* **PROBLEM TO WORK ON**: Return the line containing "IHC staining of human placenta using 31621-1-AP IHC" together with every later line up to the end of the records, exactly and with no pictures; return nothing else.

[Image-caption web data]
#####
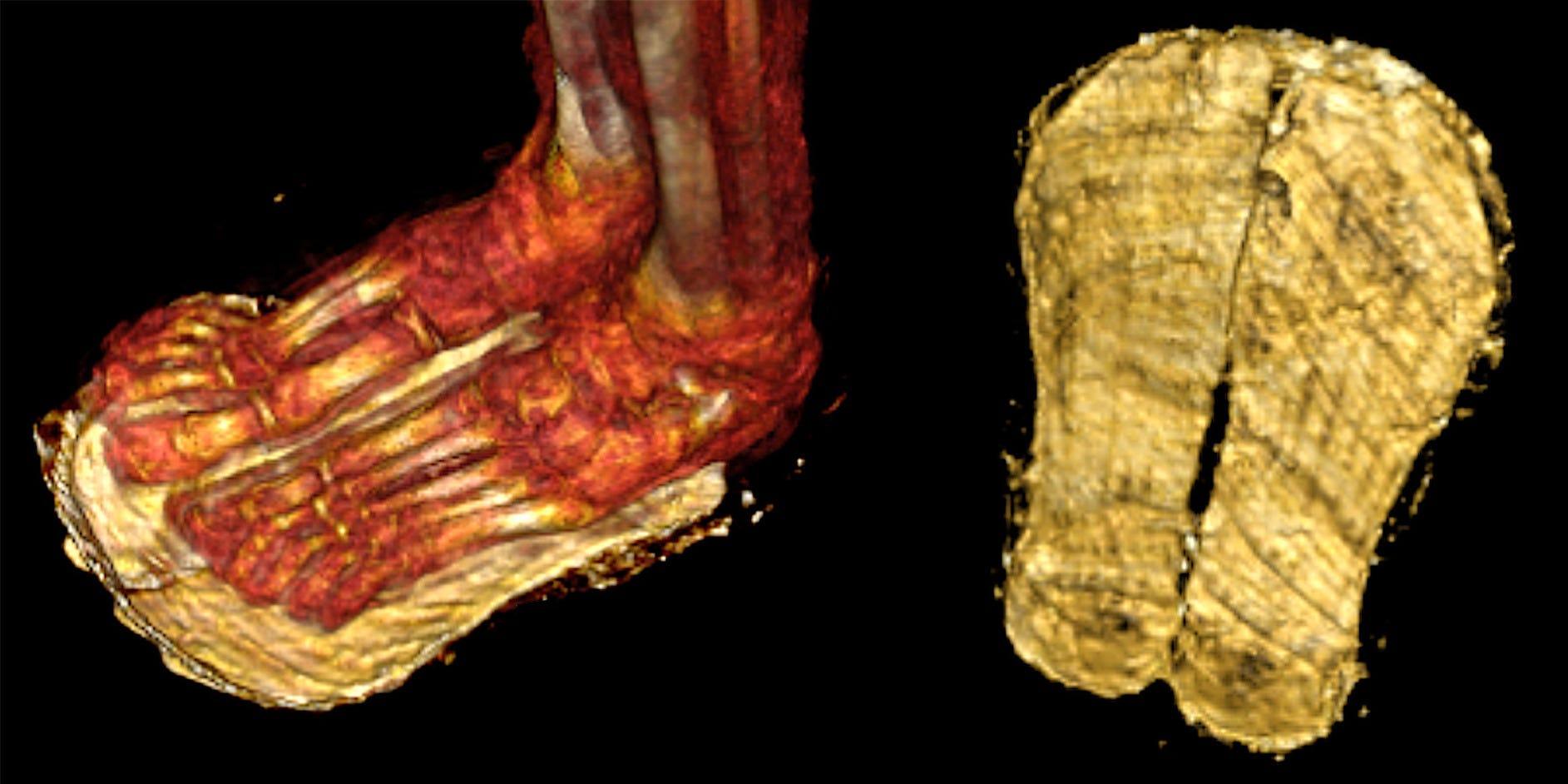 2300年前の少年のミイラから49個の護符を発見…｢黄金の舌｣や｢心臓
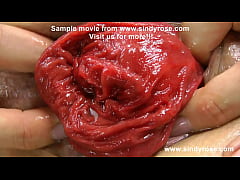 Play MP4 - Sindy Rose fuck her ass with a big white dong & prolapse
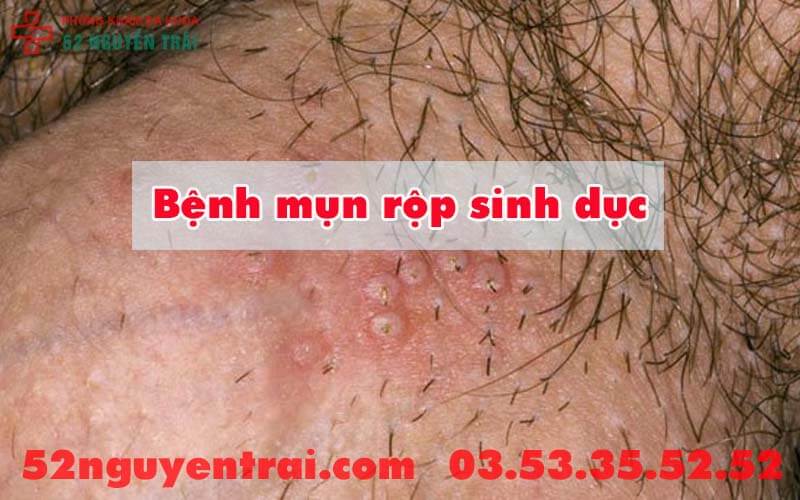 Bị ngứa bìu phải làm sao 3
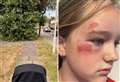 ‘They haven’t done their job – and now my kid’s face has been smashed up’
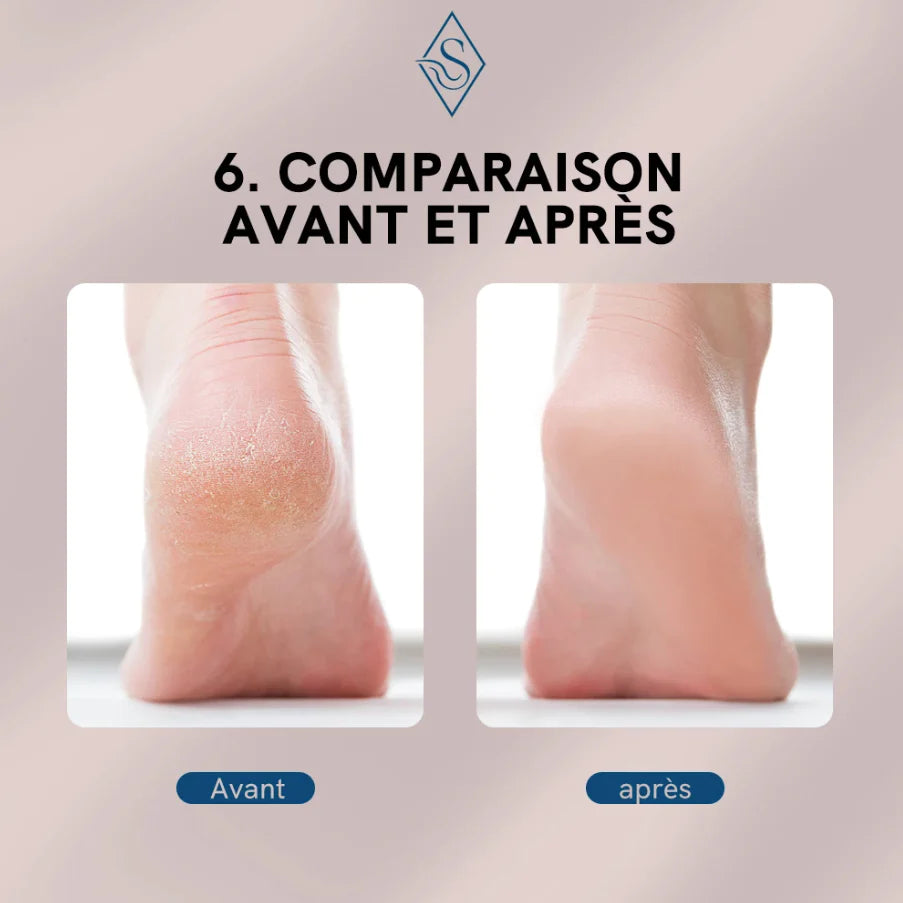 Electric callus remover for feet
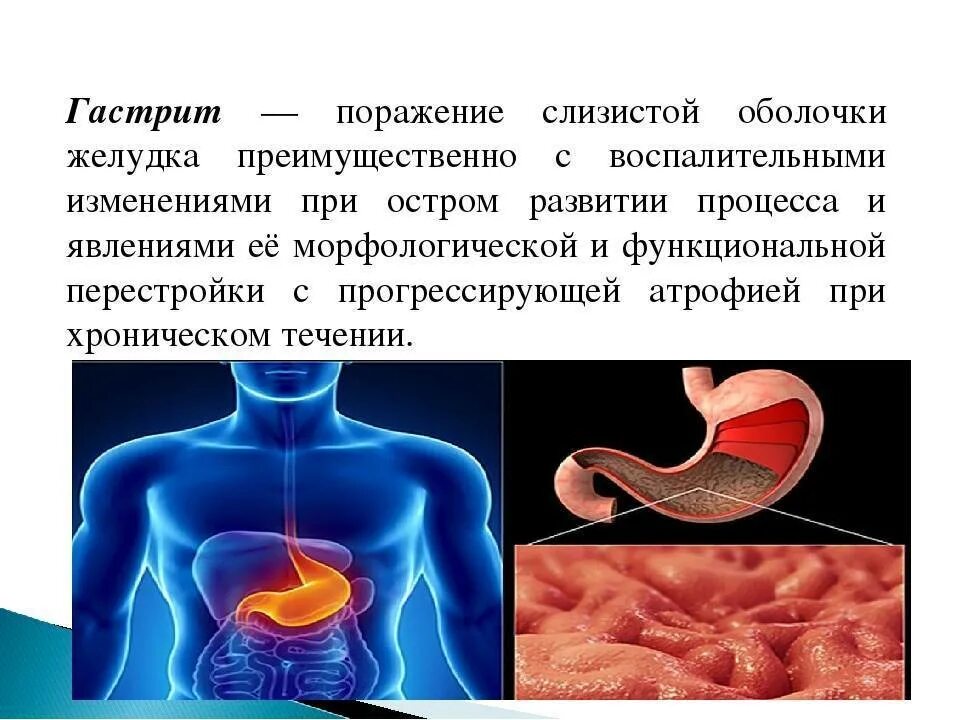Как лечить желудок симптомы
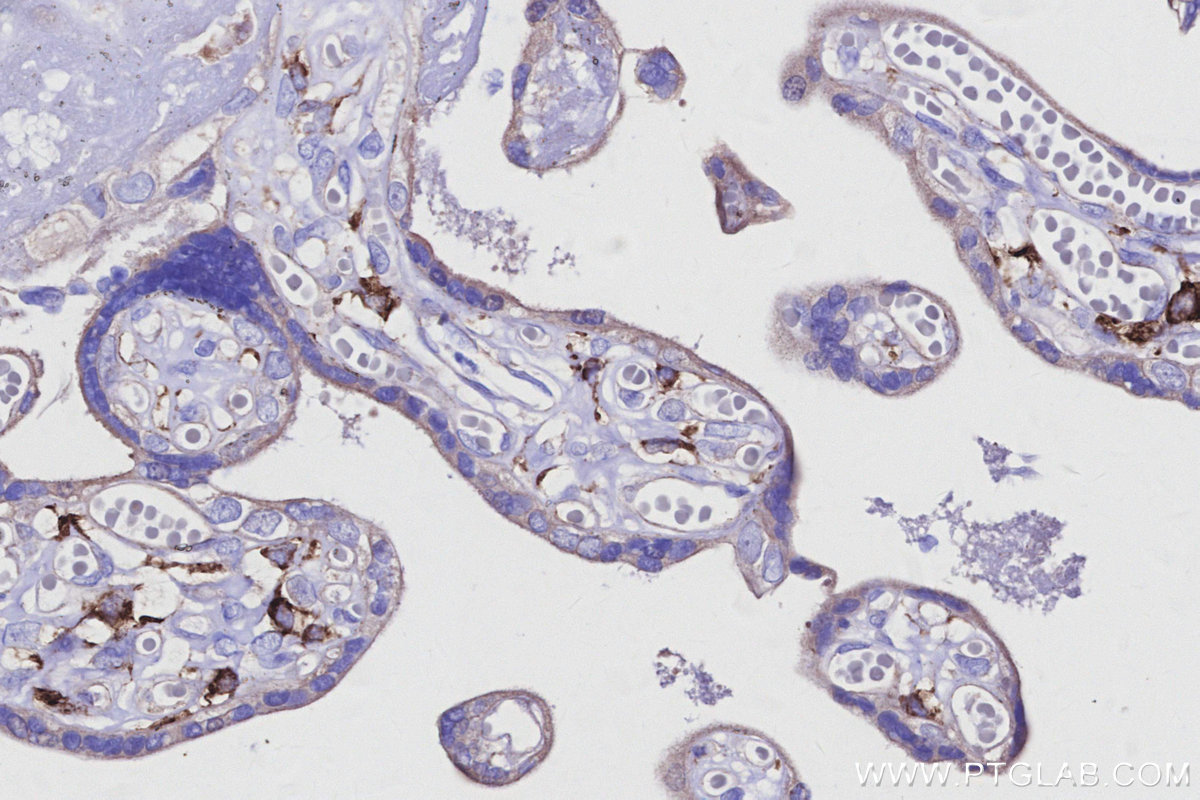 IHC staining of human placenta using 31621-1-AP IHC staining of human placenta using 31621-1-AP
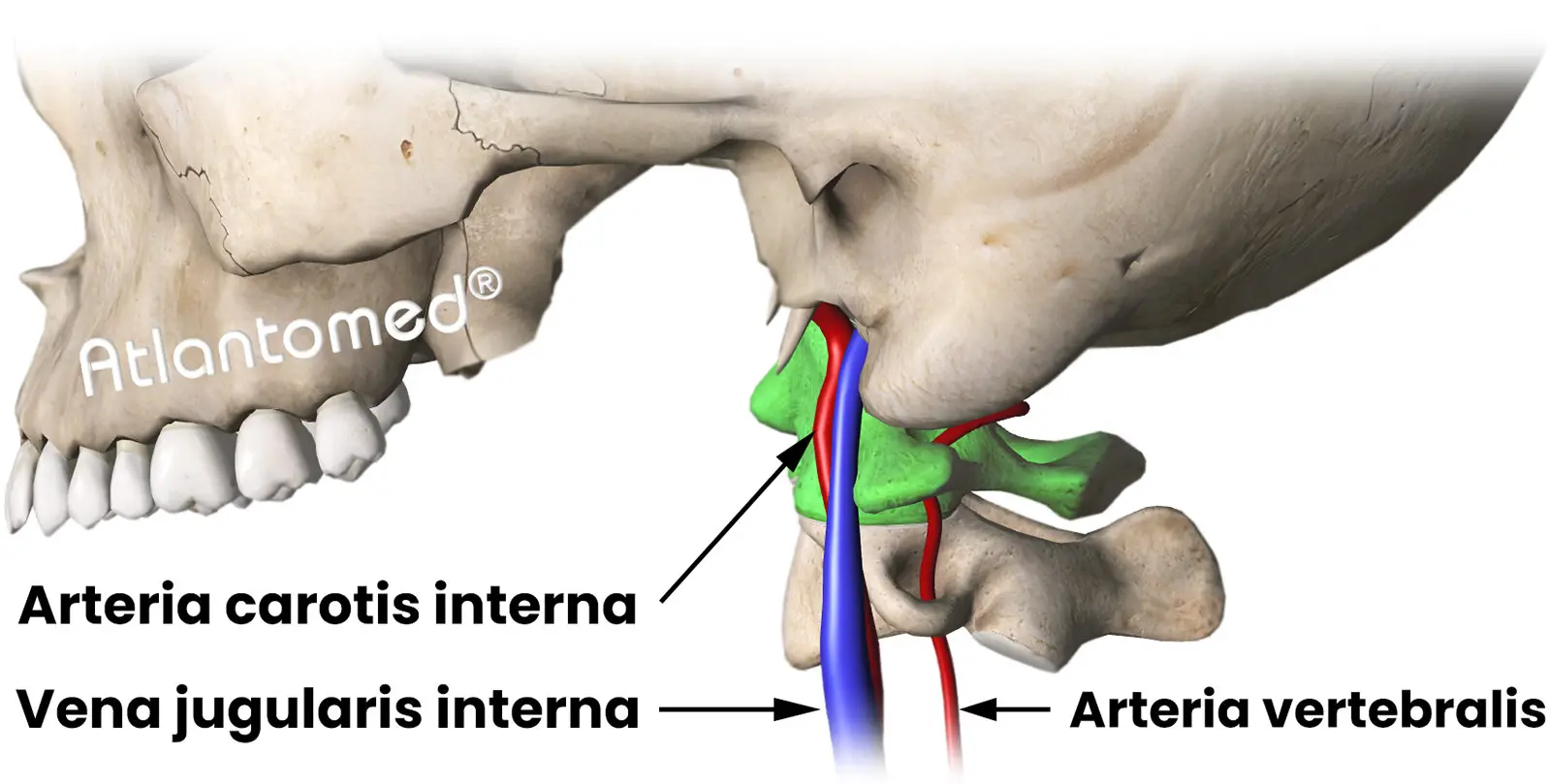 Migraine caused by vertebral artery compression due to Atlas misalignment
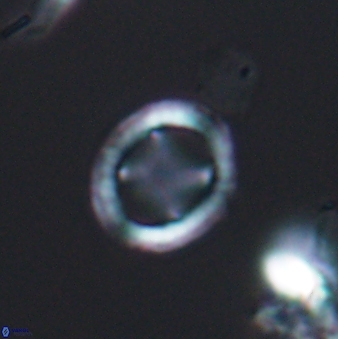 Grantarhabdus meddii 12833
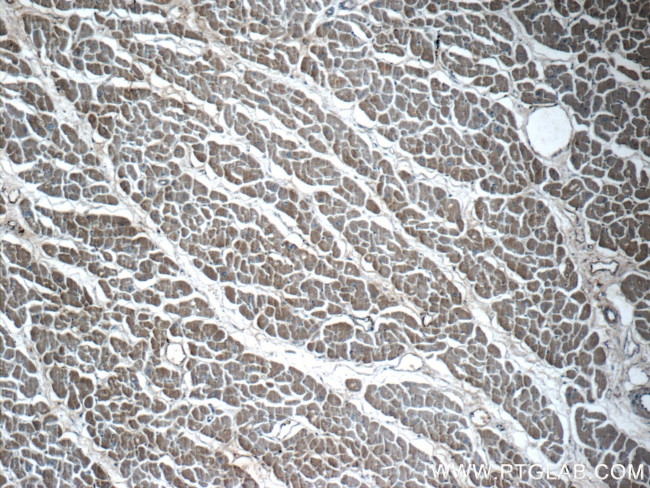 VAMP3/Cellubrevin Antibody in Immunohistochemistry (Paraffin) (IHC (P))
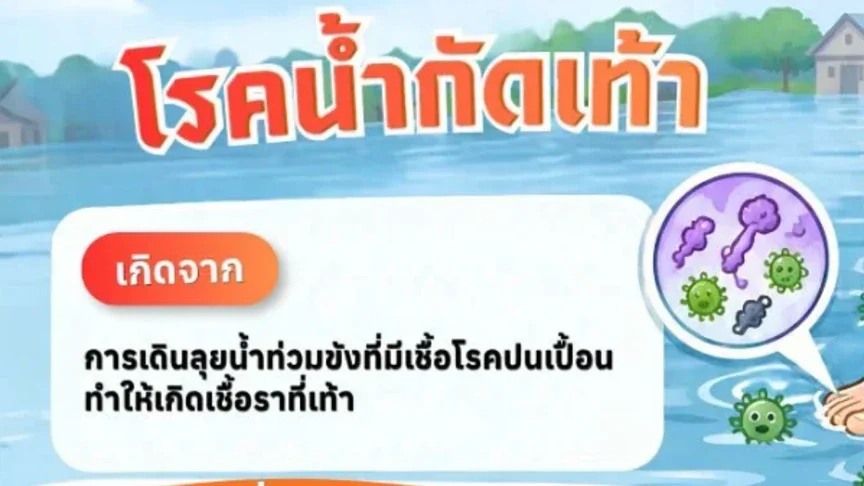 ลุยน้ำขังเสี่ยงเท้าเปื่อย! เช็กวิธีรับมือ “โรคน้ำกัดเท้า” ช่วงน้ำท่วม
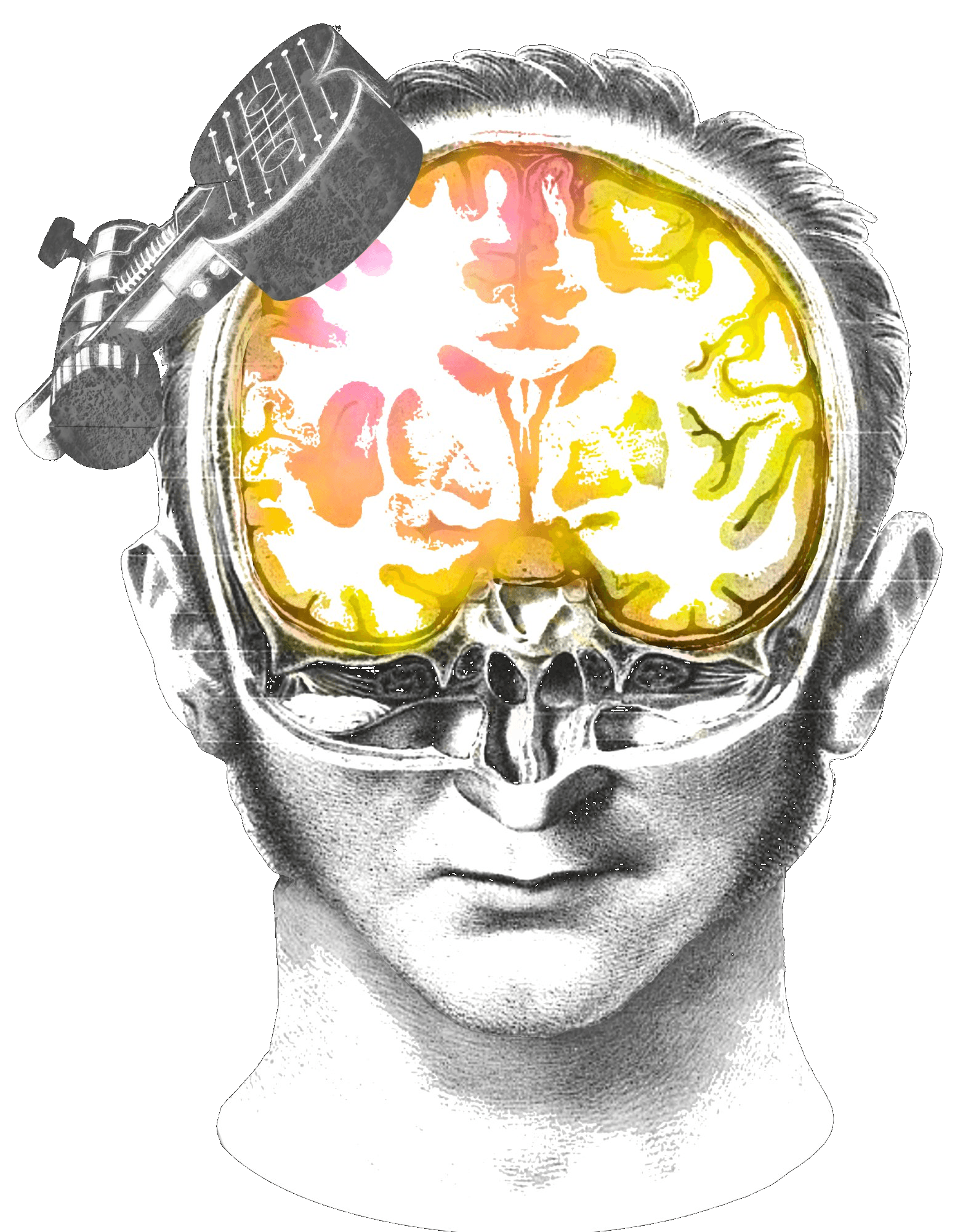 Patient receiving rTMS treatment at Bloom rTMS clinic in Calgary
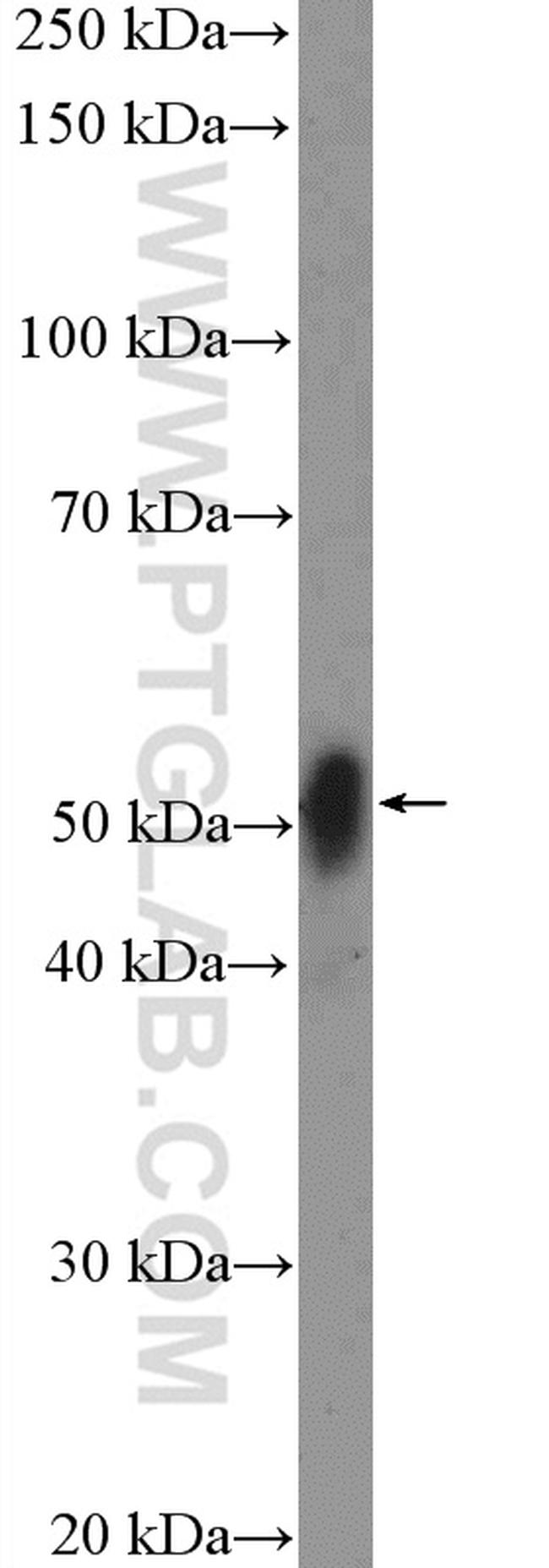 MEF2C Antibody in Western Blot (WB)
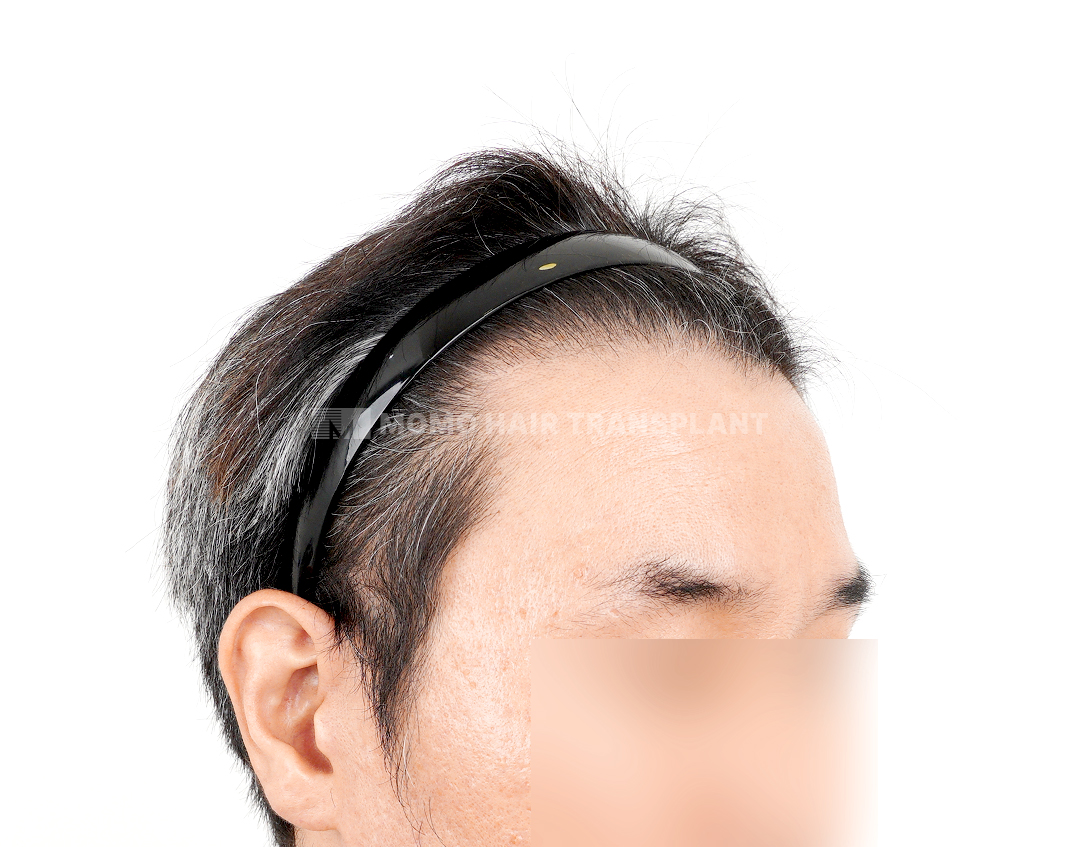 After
#####
* **YOUR SOLUTION**:
 IHC staining of human placenta using 31621-1-AP IHC staining of human placenta using 31621-1-AP
 Migraine caused by vertebral artery compression due to Atlas misalignment
 Grantarhabdus meddii 12833
 VAMP3/Cellubrevin Antibody in Immunohistochemistry (Paraffin) (IHC (P))
 ลุยน้ำขังเสี่ยงเท้าเปื่อย! เช็กวิธีรับมือ “โรคน้ำกัดเท้า” ช่วงน้ำท่วม
 Patient receiving rTMS treatment at Bloom rTMS clinic in Calgary
 MEF2C Antibody in Western Blot (WB)
 After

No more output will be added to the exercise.